## WHAT YOU WILL DO
Please transcribe only the lines between the one containing "115 cm, Wool" and the end of the records, both ends included, exactly as written; skip every picture.

** Opening AVAILABLE RECORDS block **

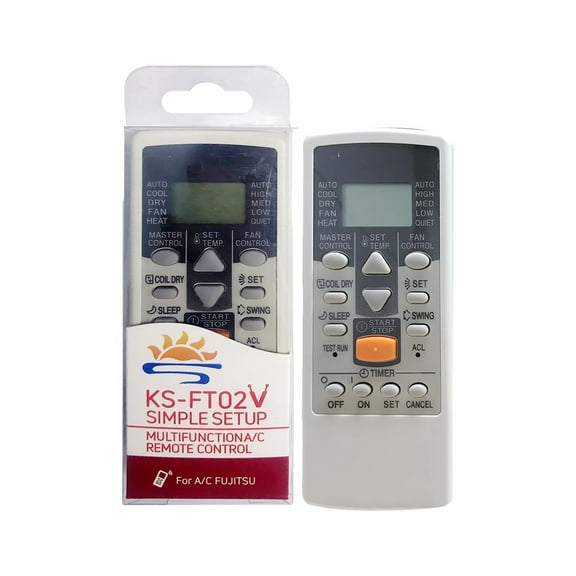 K S FT Universal Remote Control for Air Conditioners Full Function Replacement with Advanced IR Technology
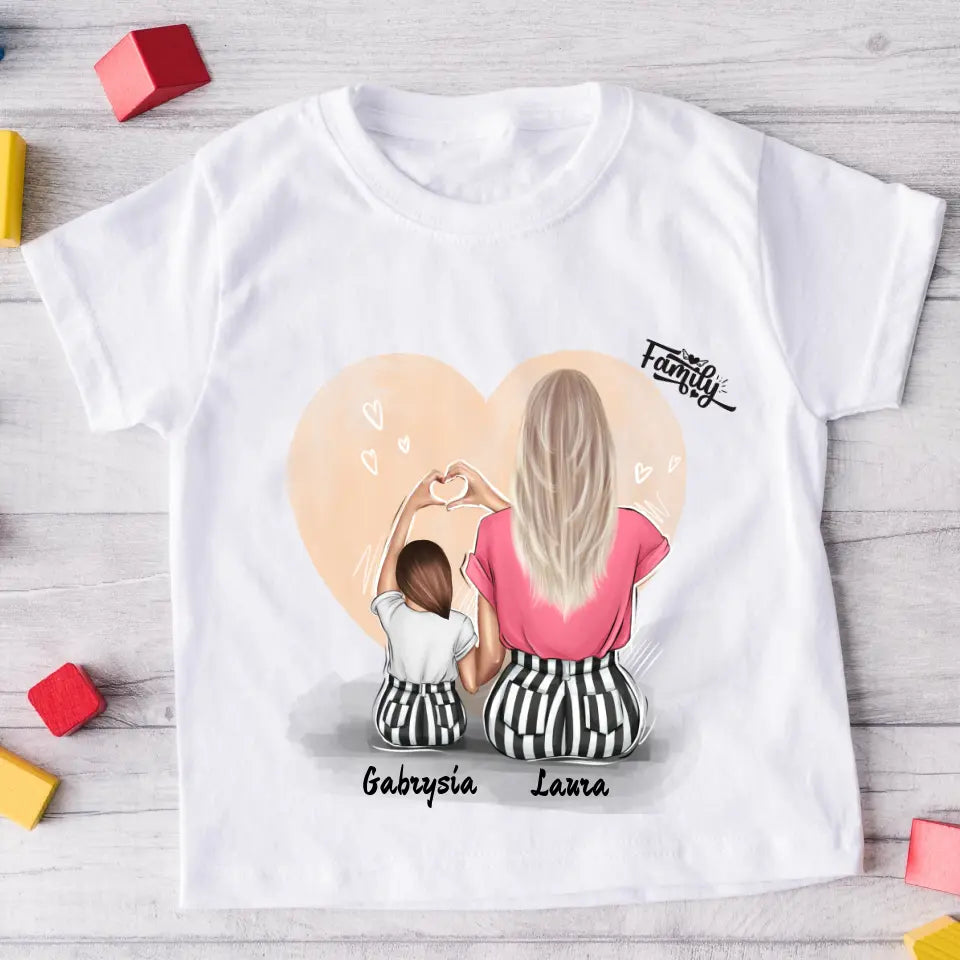 Koszulka dla mamy i córki - Personalizowana (rodzinna) #P15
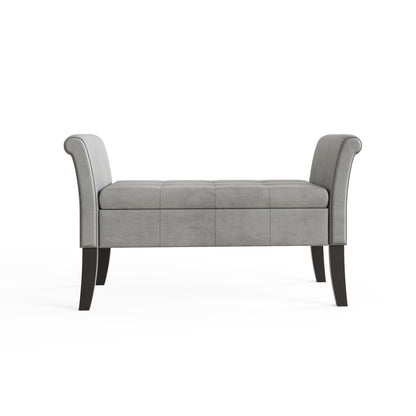 Balmoral Window Seat Grey Chenille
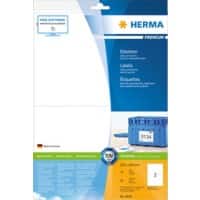 HERMA Laser Etiketten 8636 Klevend Wit 21 x 14,8 cm  10 Vellen à 2 Etiketten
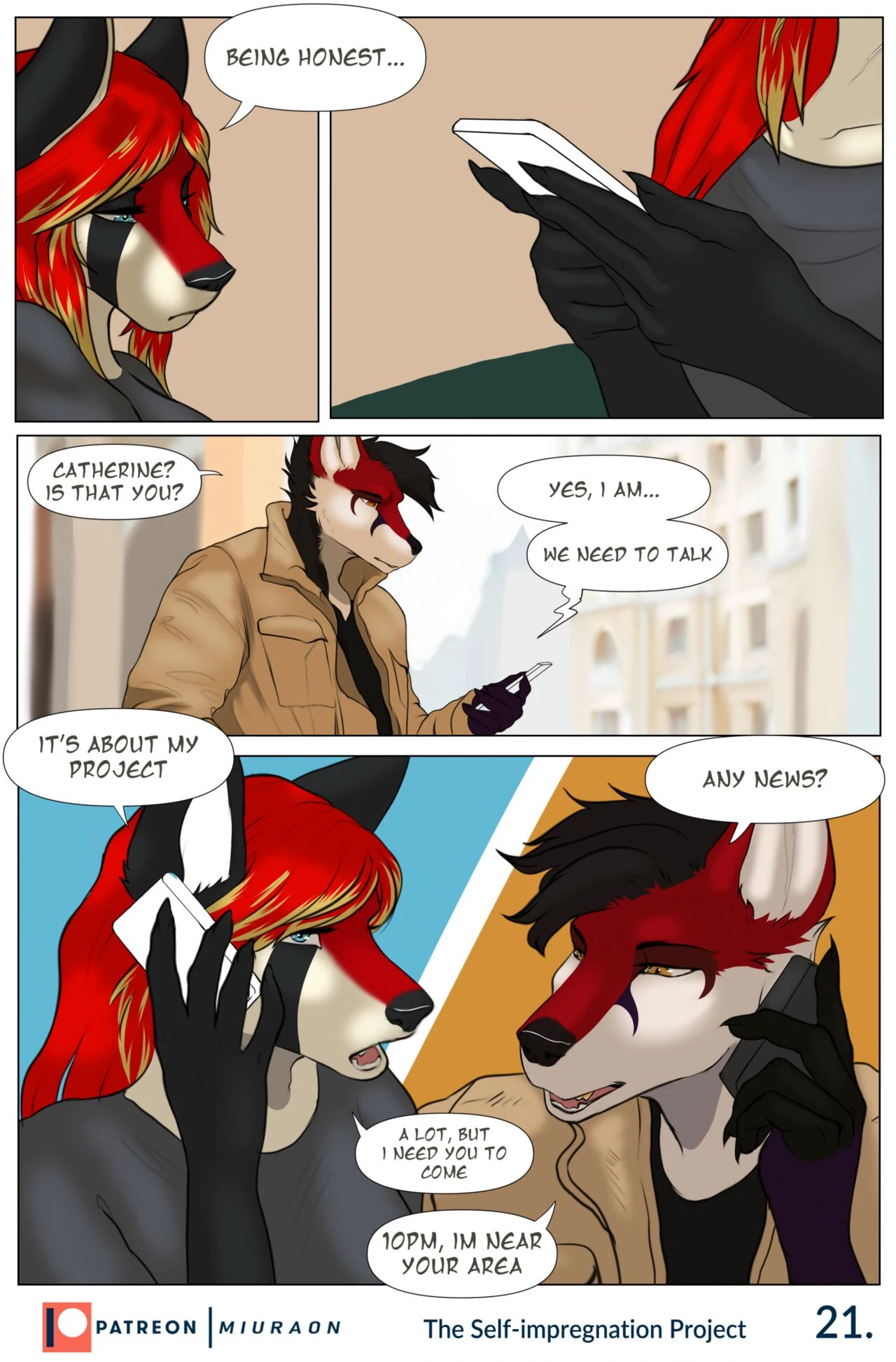 The Self-Impregnation Project porn comic picture 21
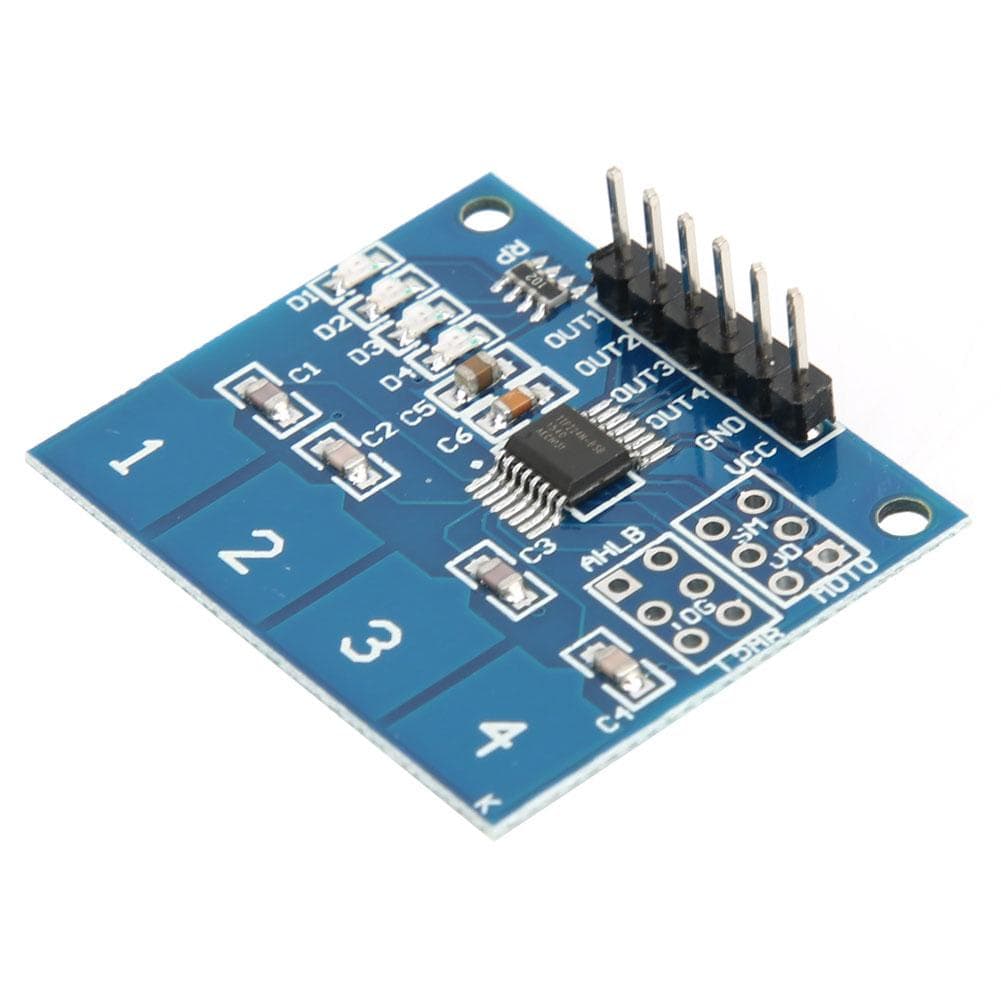 5Pcs TTP224 4 Channels Capacitive Touch Switch Digital Touch Sensor Module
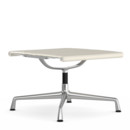 Aluminium Chair EA 125, Piétement poli, Cuir Premium F, Neige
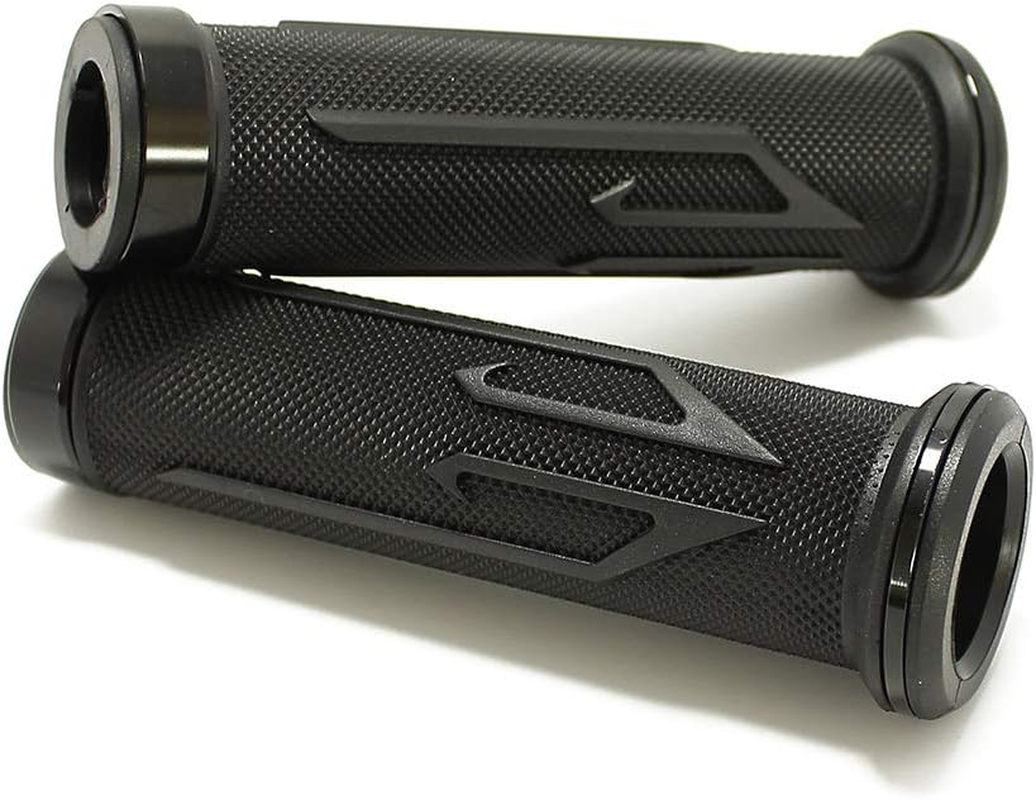 Universal Motorcycle Arrow Rubber Gel Hand Grips for 7/8" 22Mm Handlebar Sports Bike Chopper Cruiser Bike image number 4
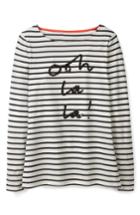 Women's Boden Make A Statement Stripe Top - Blue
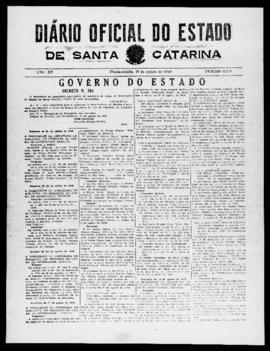 Diário Oficial do Estado de Santa Catarina. Ano 15. N° 3773 de 27/08/1948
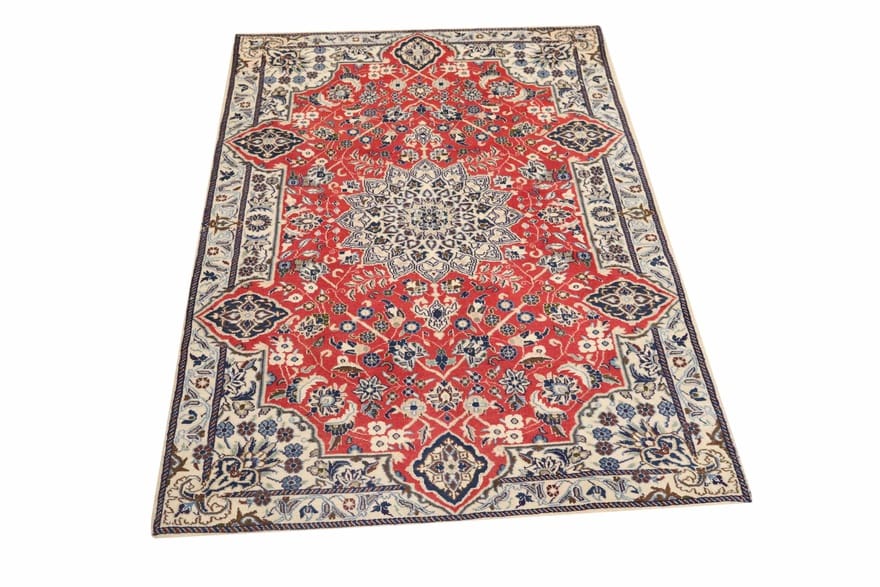 nain-teppich-197x116-cm-1000000-knoten-handgeknupft-1 Nain Persian Rug — hand-knotted, 195 × 115 cm, Wool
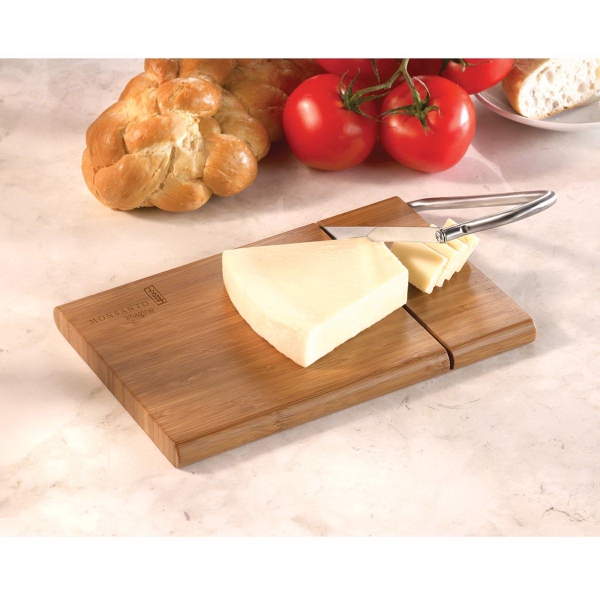 Canadian Manufactured Bamboo Cheese Slicers, Customized With Your Logo!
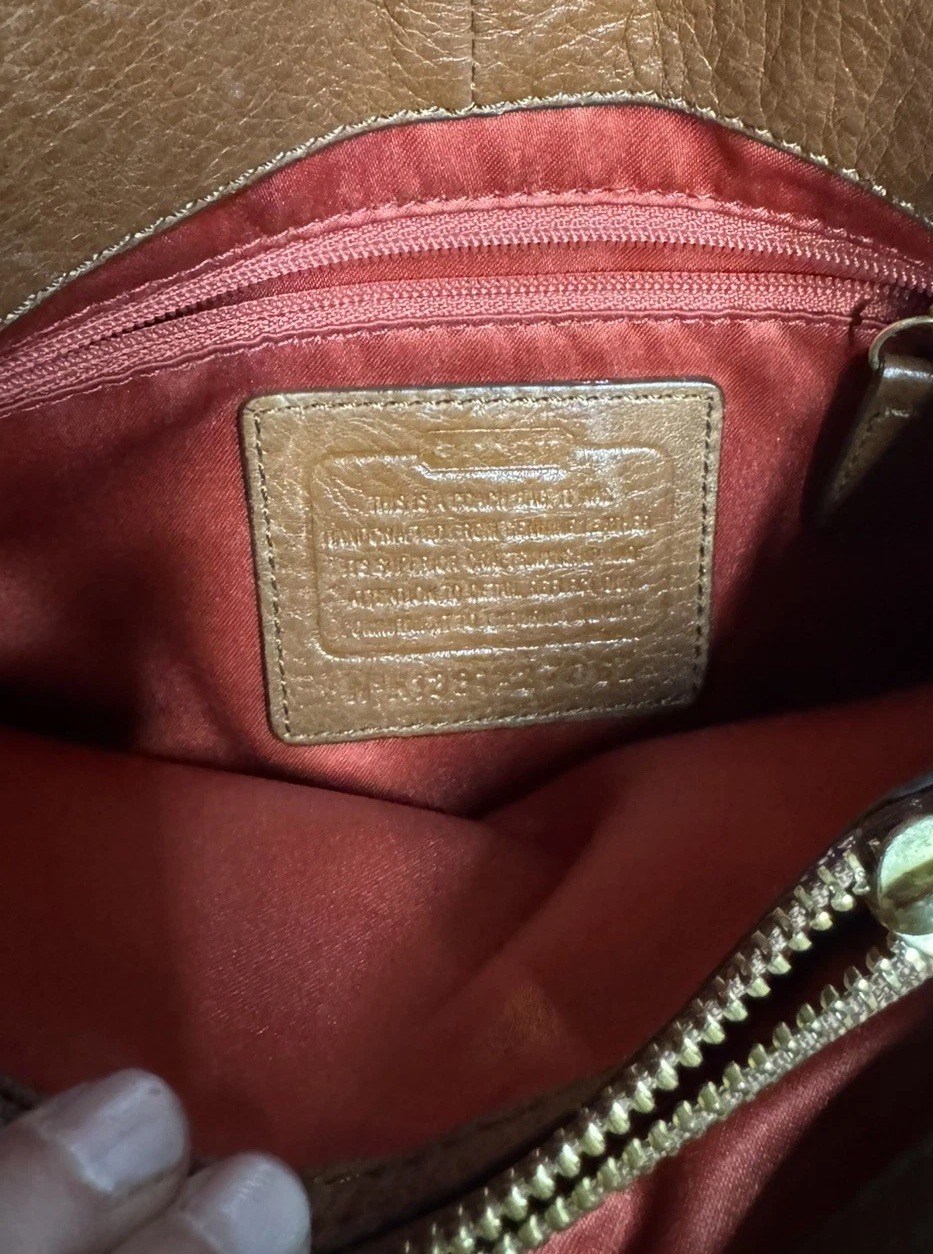 COACH Minetta Crossgrain Leather Satchel Handbag Crossbody Purse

** Closing AVAILABLE RECORDS block **

## OUTPUT BELOW
 nain-teppich-197x116-cm-1000000-knoten-handgeknupft-1 Nain Persian Rug — hand-knotted, 195 × 115 cm, Wool
 Canadian Manufactured Bamboo Cheese Slicers, Customized With Your Logo!
 COACH Minetta Crossgrain Leather Satchel Handbag Crossbody Purse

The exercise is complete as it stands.